5. A process of claim 1 wherein the said aqueous composition contains, in addition to DMF, one or more of an organic molecule which is not an organic solvent including a chlorinated sucrose-6-ester, a chlorinated sucrose, and

a. the said non-polar fixed bed adsorbent is a polyacrilyc based resin ADS600;

b. the said aqueous alkaline solution is one of the following: i. water, more preferably a buffer, adjusted to alkaline pH within range of 7 to12, more preferably of 9.5 to 11.5, still more preferably from 10.5 to 11.5; ii. water with acetonitrile or eluted by acetone preferably in 5% concentration v/v; iii. methanol in water preferably 2% concentration v/v, or iv. an organic solvent miscible in water in any ratio.

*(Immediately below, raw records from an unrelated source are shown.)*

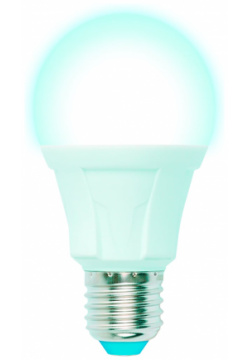 Светодиодная лампа Uniel UL 00005034 LED A60 16W/4000K/E27/FR PLP01WH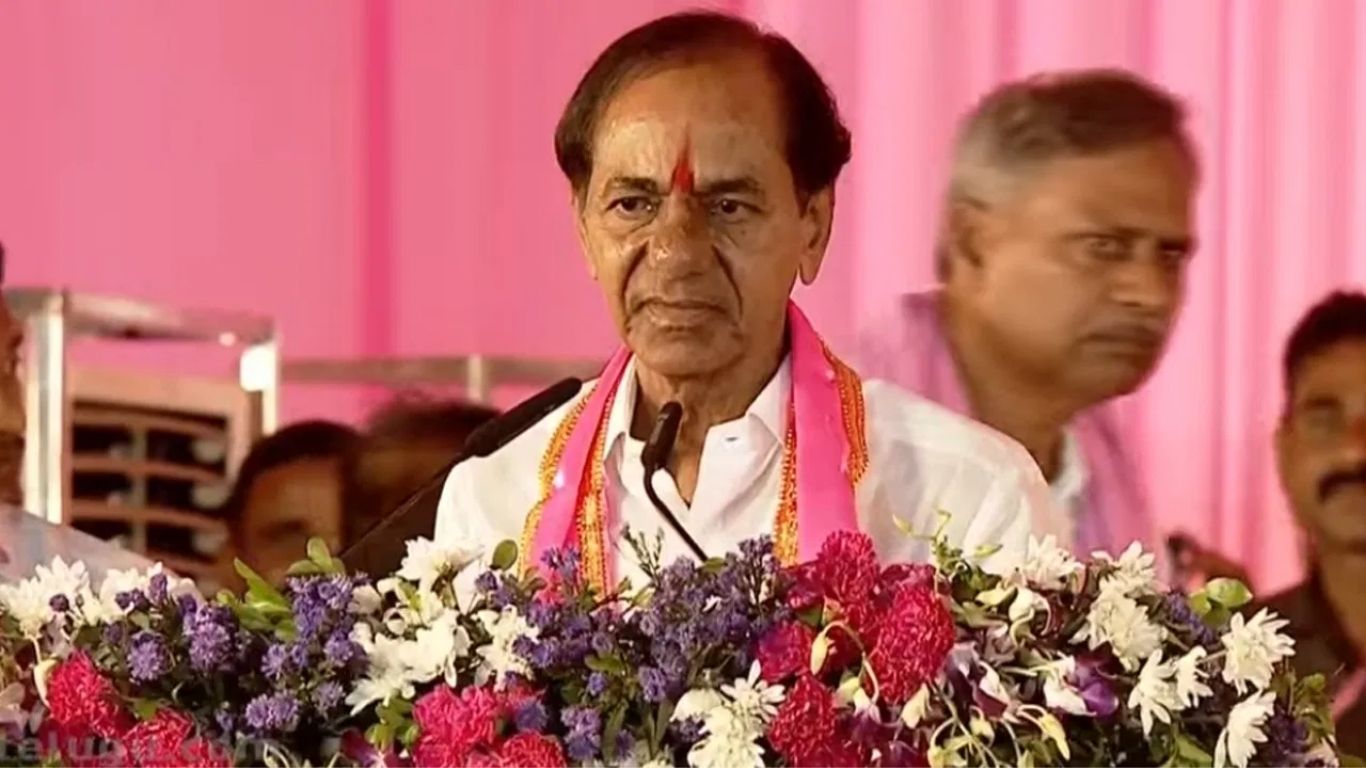 KCR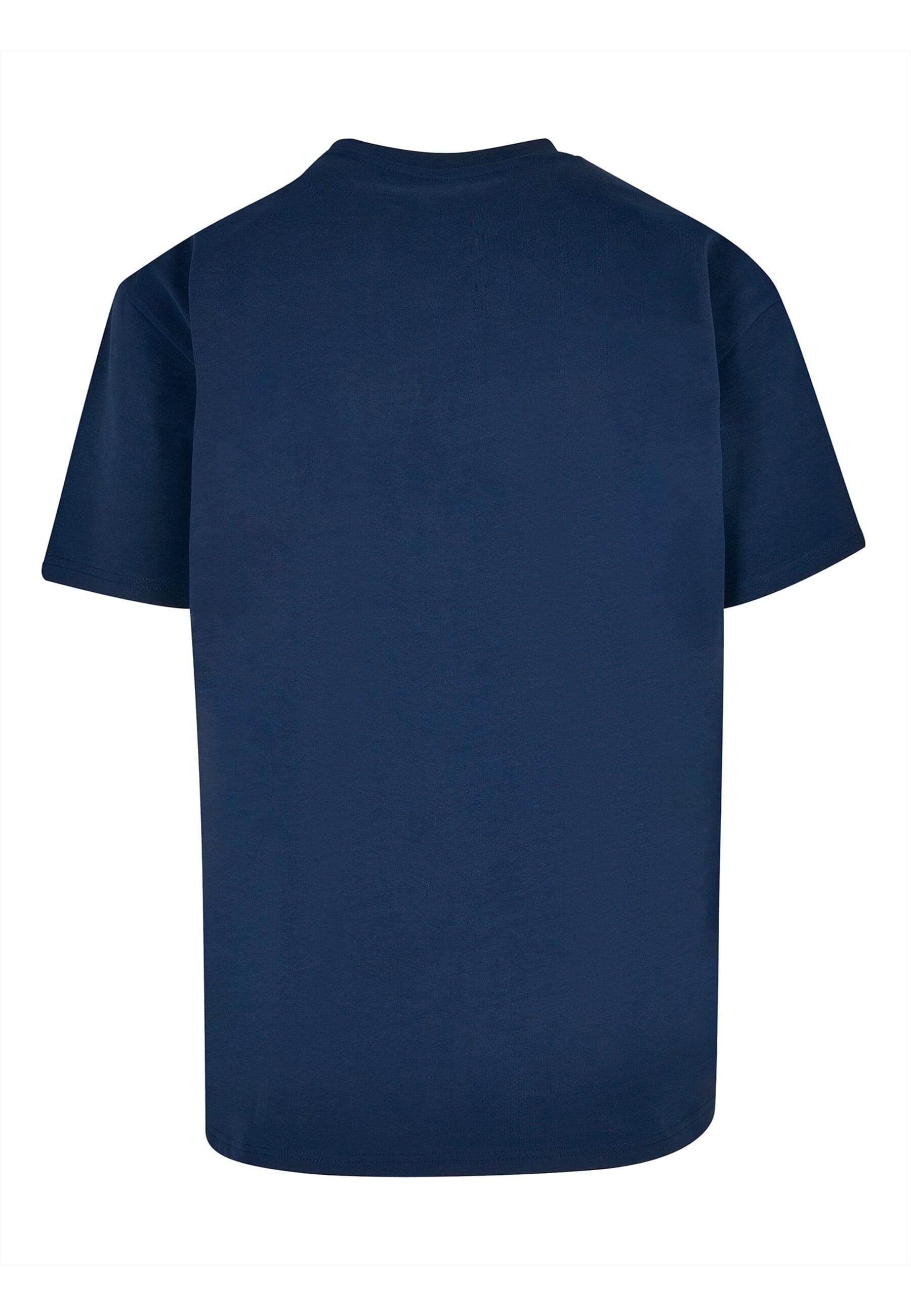 Merchcode T-Shirt »Merchcode Herren Faith Heavy Oversized Tee«, (1 tlg.)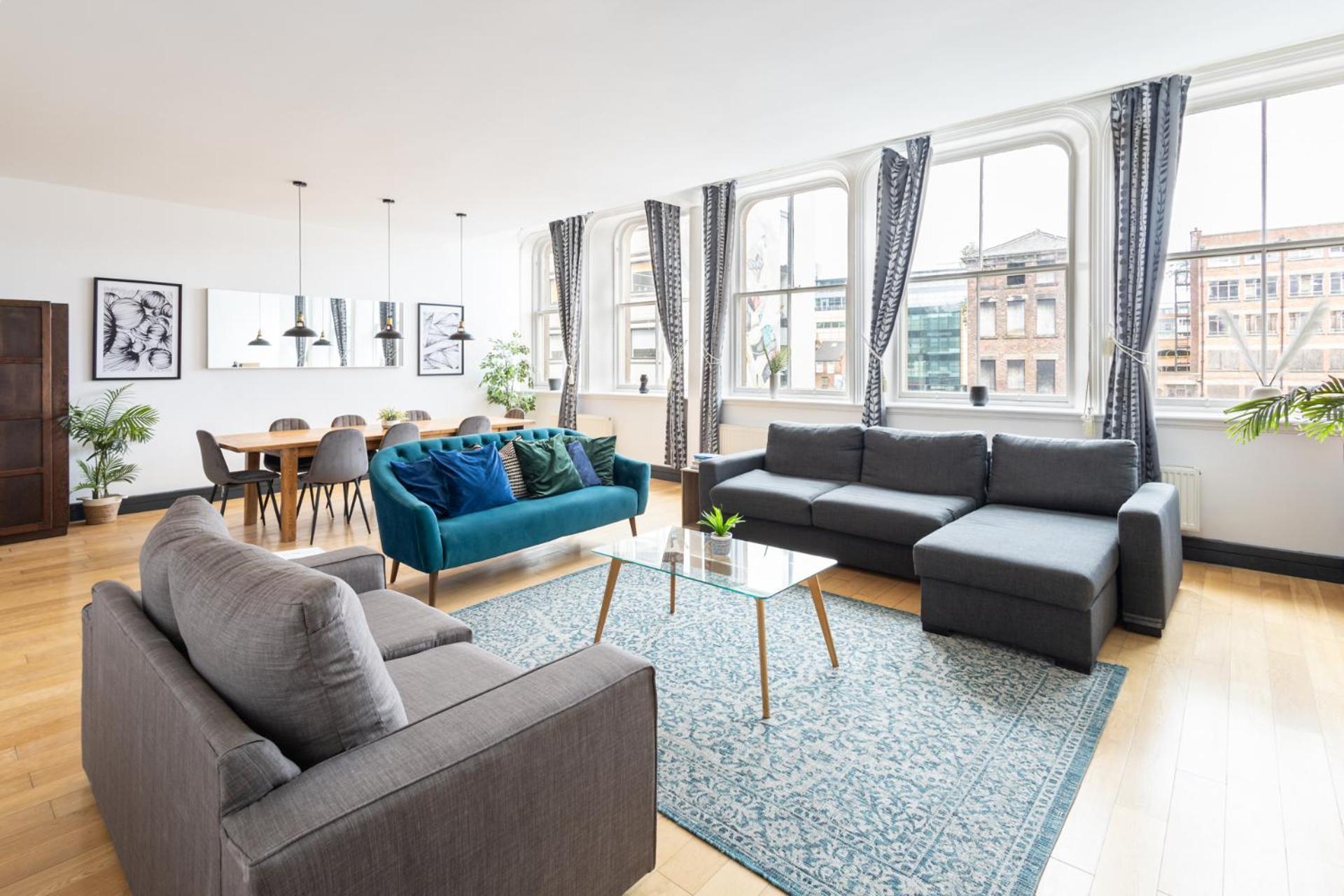 Host & Stay - Exchange Street Living Liverpool Buitenkant foto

6. A process of claim 1, wherein the said chlorinated sucrose includes 4,1′,6′ trichlorogalactosucrose (TGS) and the said precursor or derivative of chlorinated sucrose includes 6-acetyl-4,1′,6′ trichlorogalactose (6-acetyl-TGS),

7. A process of claim 1 or claim 2 or claim 5 wherein the said aqueous composition subjected to chromatographic separation is derived from in one or more of following means:

a. dissolution of the TGS or 6-acetyl-TGS, in an aqueous medium.

b. as a process stream, an aqueous reaction mixture, derived from a process of production of TGS or 6-acetyl-TGS.

8. A process of claim 2 wherein the said chlorinated sucrose includes 4,1′,6′ trichlorogalactosucrose (TGS) and the said precursor or derivative of chlorinated sucrose includes 6-acetyl-4,1′,6′ trichlorogalactose (6-acetyl-TGS).

9. A process of claim 5 wherein the said chlorinated sucrose includes 4,1′,6′ trichlorogalactosucrose (TGS) and the said precursor or derivative of chlorinated sucrose includes 6-acetyl-4,1′,6′ trichlorogalactose (6-acetyl-TGS).

10. A process of claim 2 wherein the said aqueous composition subjected to chromatographic separation is derived from in one or more of following means:

a. dissolution of the TGS or 6-acetyl-TGS, in an aqueous medium.

b. as a process stream, an aqueous reaction mixture, derived from a process of production of TGS or 6-acetyl-TGS.

11. A process of claim 5 wherein the said aqueous composition subjected to chromatographic separation is derived from in one or more of following means:

a. dissolution of the TGS or 6-acetyl-TGS, in an aqueous medium.

b. as a process stream, an aqueous reaction mixture, derived from a process of production of TGS or 6-acetyl-TGS.